■ **TASK TO COMPLETE**
Give an exact copy of the data that follows, but none of its pictures.

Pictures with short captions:
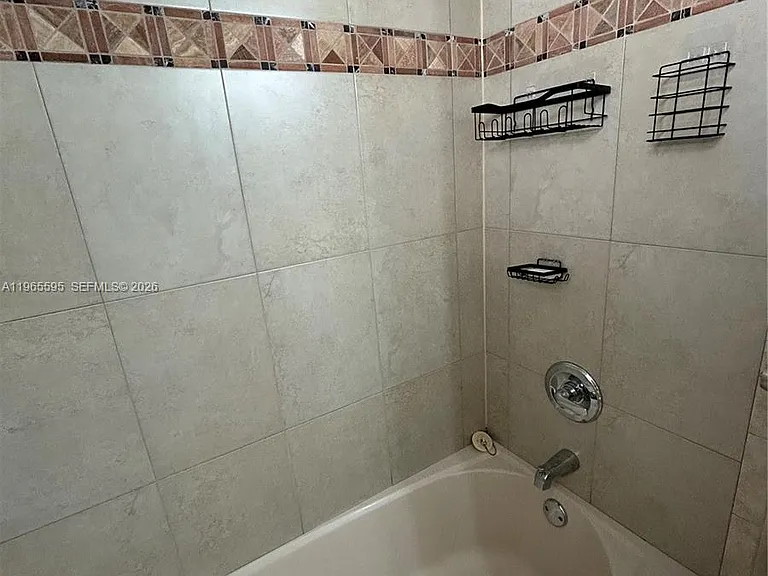 410 SE 2nd St #308 — Photo 22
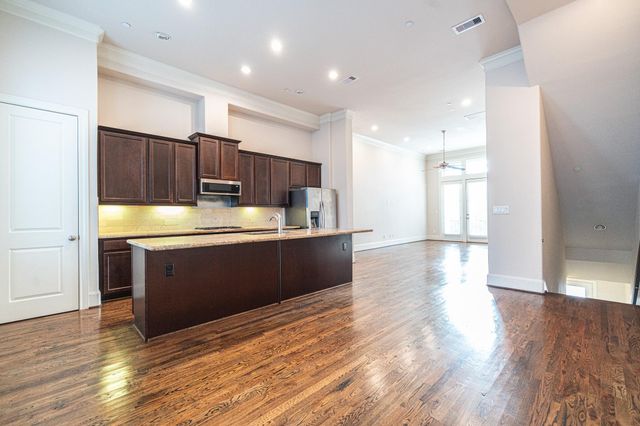 1027 Saint Charles Street, Houston, TX 77003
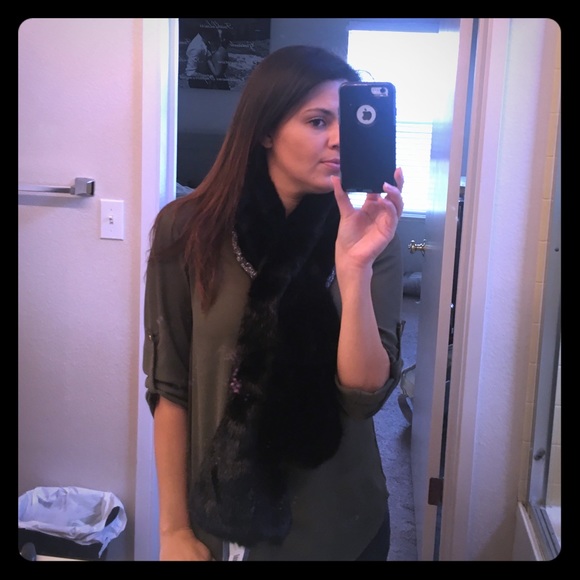Fur scarf with slit to pull through - Vera Wang - Picture 1 of 4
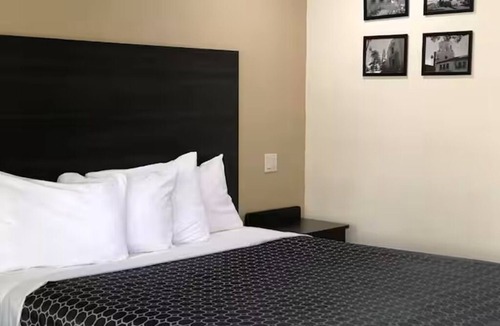 Arlington Hotel | Simply Home Suites - Cozy Comfort, Feels Like Home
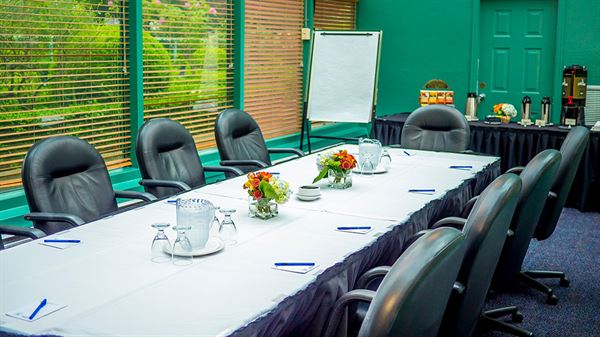 Rosedale on Robson Suite Hotel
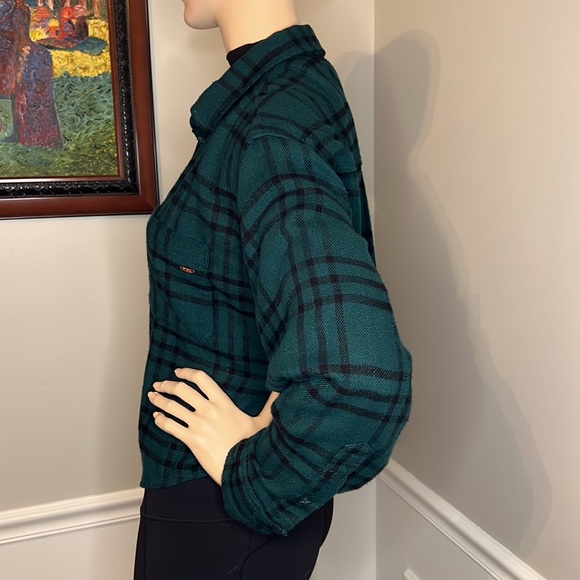 PINK deep teal & black plaid crop flannel - Picture 4 of 9
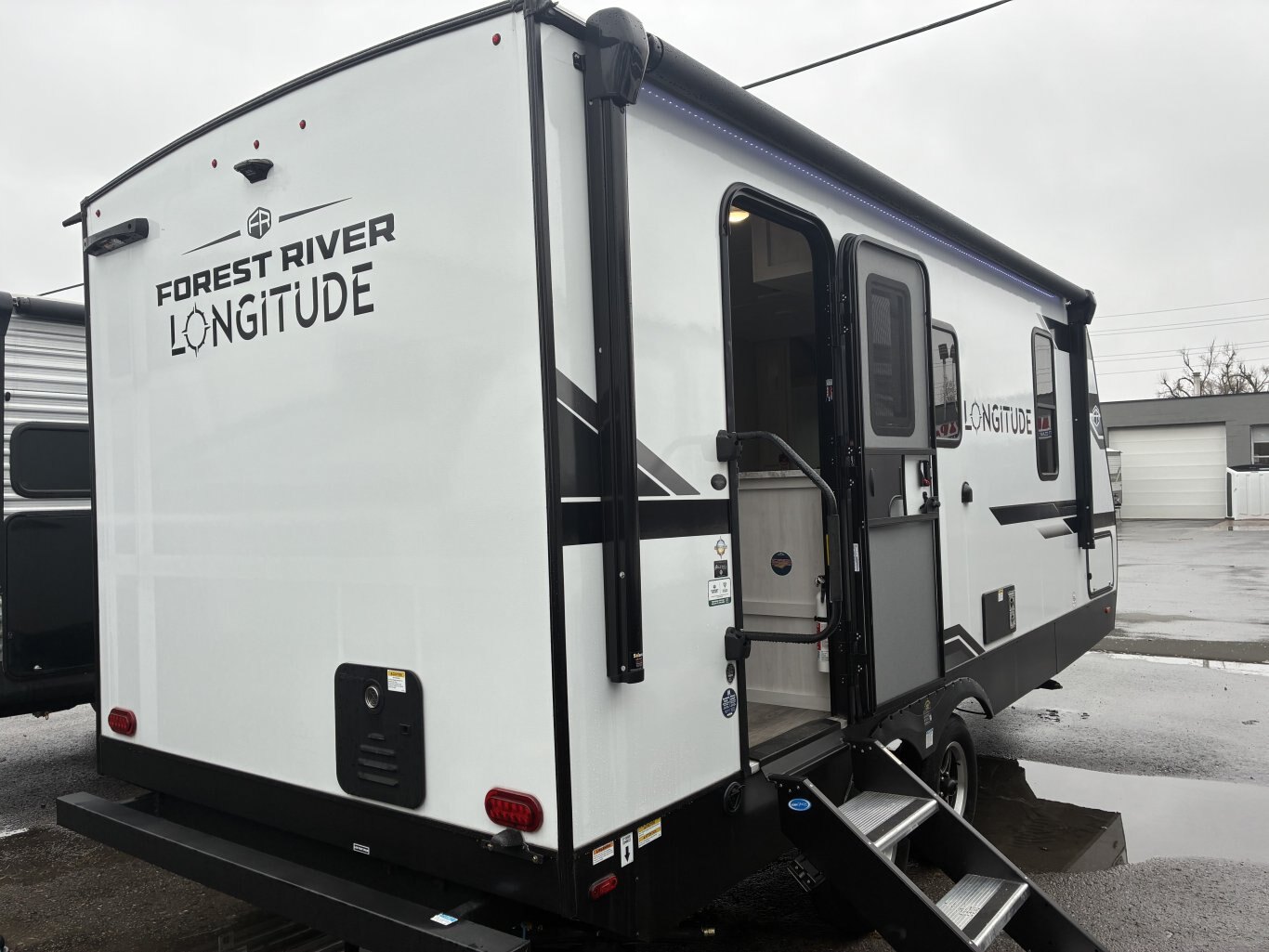 2026 East to West Longitude 185RB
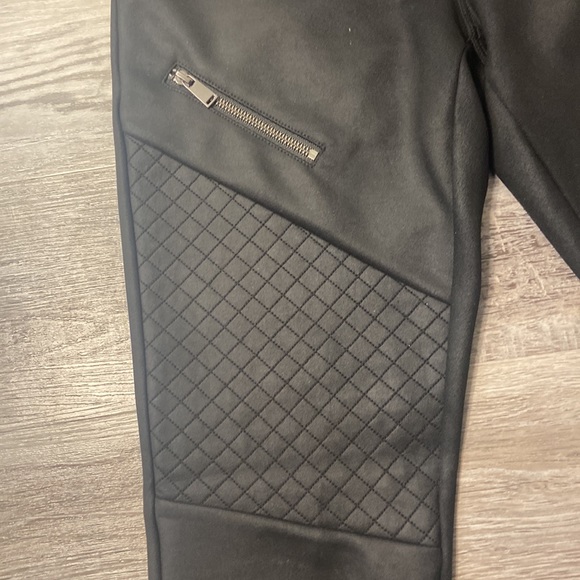 Express Motto Faux Leather - Picture 2 of 11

■ **RESPONSE FOR THIS EXERCISE**
 410 SE 2nd St #308 — Photo 22
 1027 Saint Charles Street, Houston, TX 77003
Fur scarf with slit to pull through - Vera Wang - Picture 1 of 4
 Arlington Hotel | Simply Home Suites - Cozy Comfort, Feels Like Home
 Rosedale on Robson Suite Hotel
 PINK deep teal & black plaid crop flannel - Picture 4 of 9
 2026 East to West Longitude 185RB
 Express Motto Faux Leather - Picture 2 of 11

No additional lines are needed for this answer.